#### Problem:
Going through the lines below, tally those that include "Grey", and give only the number.

**** Data provided

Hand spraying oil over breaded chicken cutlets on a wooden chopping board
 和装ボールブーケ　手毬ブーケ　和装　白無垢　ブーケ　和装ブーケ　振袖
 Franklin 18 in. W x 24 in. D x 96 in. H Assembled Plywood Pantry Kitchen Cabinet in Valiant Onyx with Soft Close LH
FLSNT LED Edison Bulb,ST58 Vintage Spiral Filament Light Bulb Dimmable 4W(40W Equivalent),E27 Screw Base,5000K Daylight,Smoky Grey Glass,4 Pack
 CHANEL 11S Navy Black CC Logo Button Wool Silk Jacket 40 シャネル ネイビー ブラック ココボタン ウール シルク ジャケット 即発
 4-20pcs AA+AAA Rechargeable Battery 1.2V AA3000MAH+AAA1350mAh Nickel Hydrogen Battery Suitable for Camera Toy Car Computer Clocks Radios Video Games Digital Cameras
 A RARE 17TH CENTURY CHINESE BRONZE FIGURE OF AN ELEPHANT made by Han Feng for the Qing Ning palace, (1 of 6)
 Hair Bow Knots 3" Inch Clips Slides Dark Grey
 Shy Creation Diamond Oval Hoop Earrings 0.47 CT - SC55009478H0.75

********

#### Response area:
2